━━━━━ Material shown

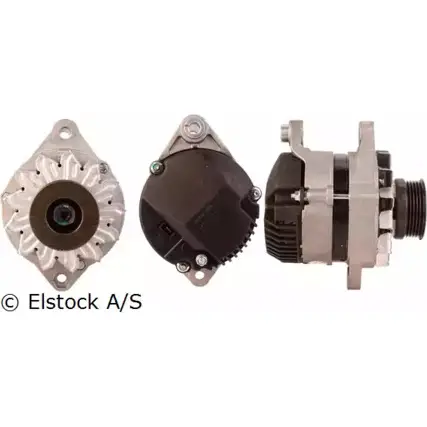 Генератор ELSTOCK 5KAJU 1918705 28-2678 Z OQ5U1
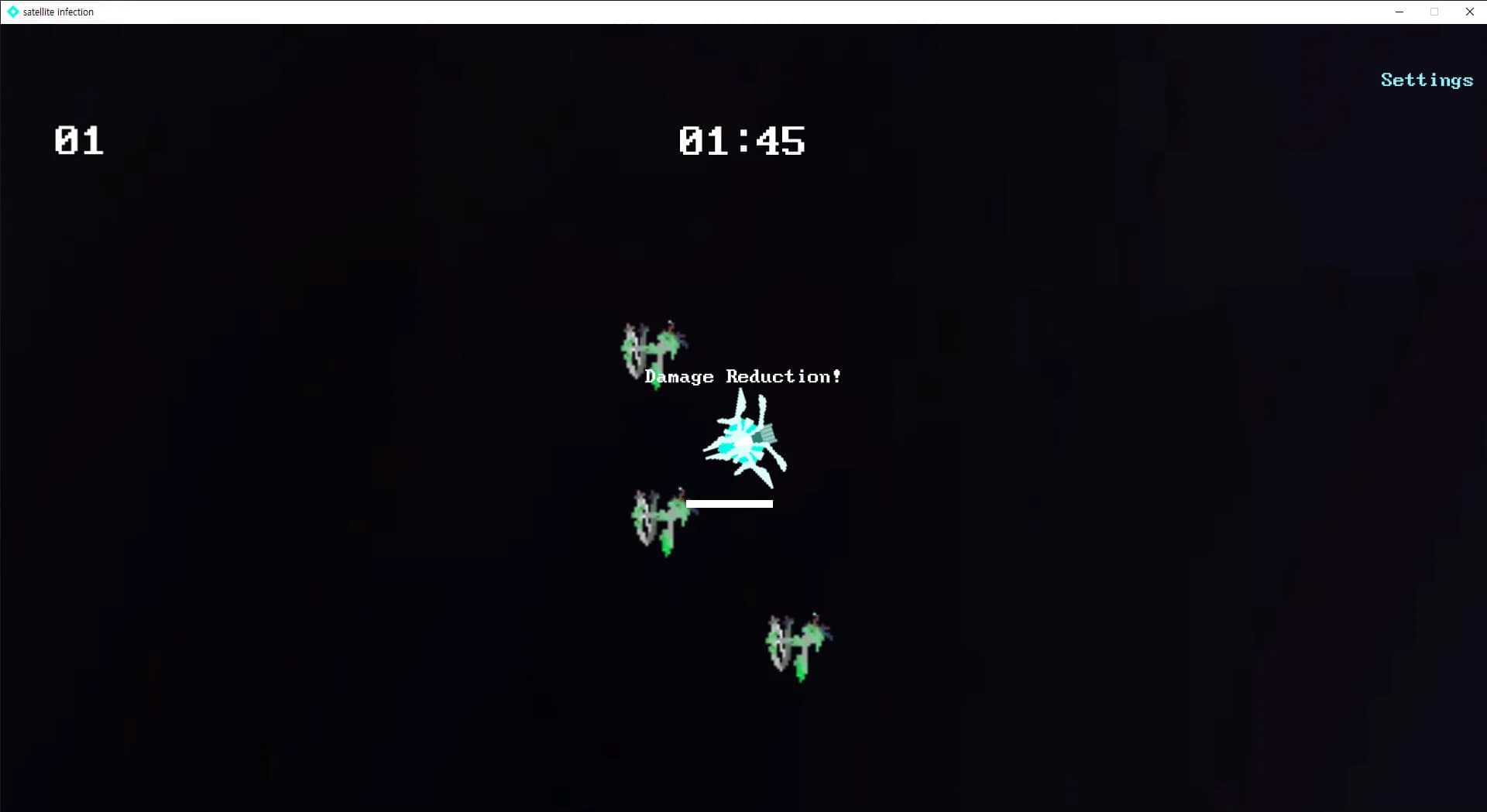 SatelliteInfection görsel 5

━━━━━━━━━━
━━━━━ Material shown

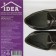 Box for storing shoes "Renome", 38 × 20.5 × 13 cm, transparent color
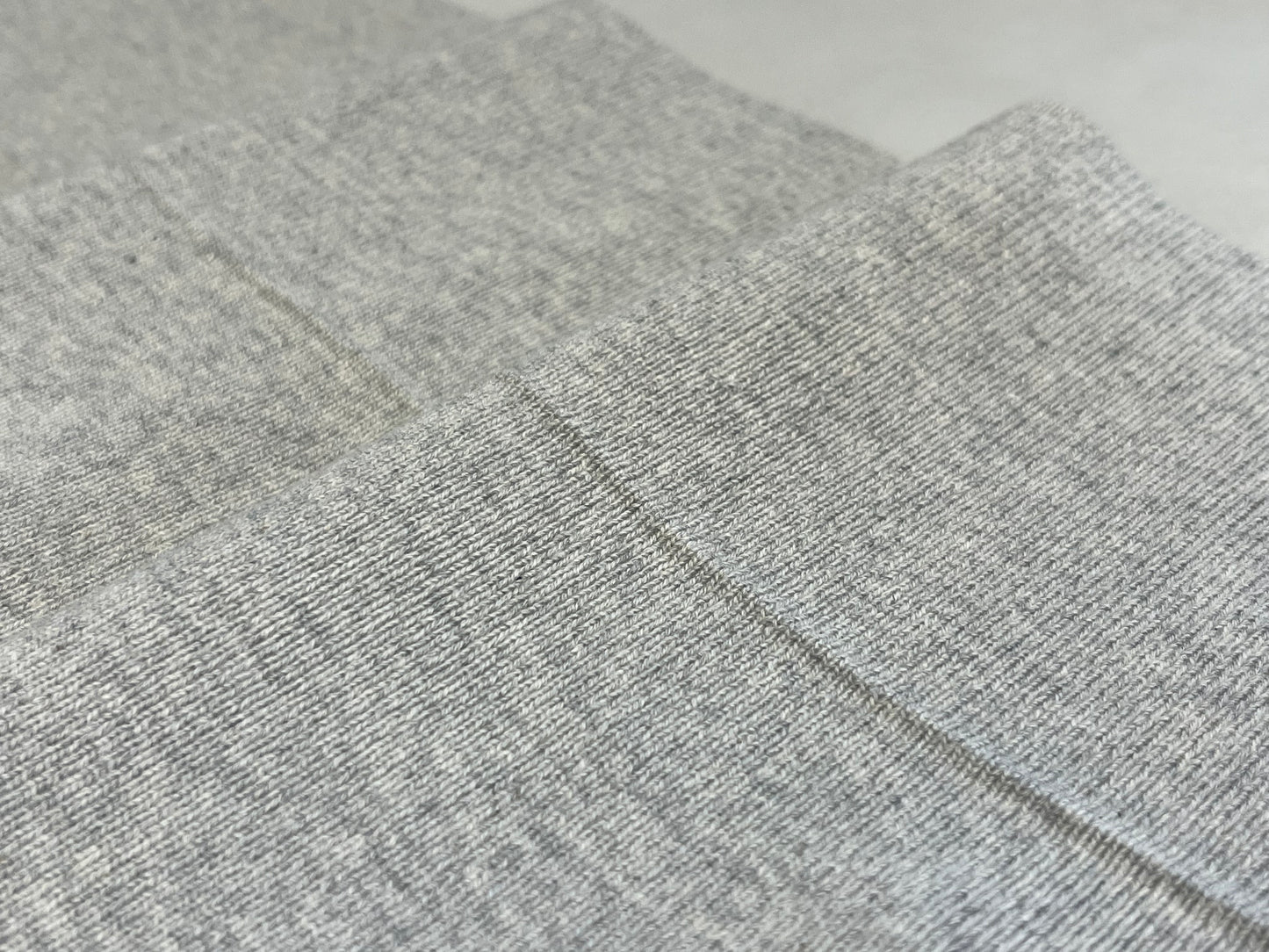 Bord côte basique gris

━━━━━━━━━━

## Exercise requirements:
The reply should hold the entries above from the line with "Box for storing" to the line with "Bord côte basique gris", duplicated exactly, pictures excluded.

## Expected output:
 Box for storing shoes "Renome", 38 × 20.5 × 13 cm, transparent color
 Bord côte basique gris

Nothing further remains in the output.